Duty called Karen Pierce, even from her Red Cross–provided cot in the hallway of an elementary school where she found shelter from Hurricane Florence’s deadly winds and rains.
The Hampstead Ward Relief Society president knew people were depending upon her. “So I pulled out my ward list of single sisters and started calling. … I wanted them to know that someone was thinking about them, that they were not alone.”
Pierce deflects any praise for her actions. She agrees the circumstances of her ministering were far from ideal. The storm displaced her for several days. She was sleeping and eating in a public shelter.
“But I felt very blessed,” she told the Church News. She was safe. She was dry.
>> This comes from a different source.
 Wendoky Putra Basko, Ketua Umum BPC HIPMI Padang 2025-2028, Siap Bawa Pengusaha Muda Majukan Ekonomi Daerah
She could serve.
Local Relief Society leaders in North Carolina such as Pierce are playing key roles in making life a bit easier for fellow ward members and neighbors affected by Hurricane Florence. They will be relied upon even more in the coming days and weeks as Latter-day Saints recover from a catastrophe that has claimed more than 30 lives, forced legions into shelters, and left hundreds of thousands without power.
North Carolina Wilmington Stake President David Glew said the minute-to-minute efforts of Pierce and other “outstanding Relief Society leaders” in his besieged stake are ministering to many in need.
“It’s going to be a long recovery for our members, but their faith and resilience are amazingly strong,” he said.
Members of the Wilmington 2nd Ward have been staggered by a one-two punch from Florence and subsequent flooding. Relief Society president Rosemary Abrams said many families in her ward are experiencing significant flooding in their homes. But by combining forces, the priesthood and Relief Society members have been quick to respond.
“There’s a lot of service going on,” she said.
Relief Society sisters are delivering food and water to families and making frequent welfare visits. Abrams counts herself among the lucky homeowners in waterlogged Wilmington. She has plenty of food and water, and the damage to her property was limited to a few fallen trees.
“But there are other sisters who have eight inches of water in their homes or they have cars that won’t start because of the flooding,” she said.
Hurricane Florence may be history, but inundated waterways remain grave concerns. On Tuesday, 16 rivers across North Carolina were reportedly at major flood stage. The Cape Fear River near downtown Wilmington was expected to crest Tuesday.
“We’re going to have an awful lot of work to do” in the coming days and weeks, said Pierce.
Pam Meadows, the president of the Wilmington 1st Ward Relief Society, said the sisters and priesthood brethren in her ward are also working together to ensure fellow members have adequate food, water, and fuel.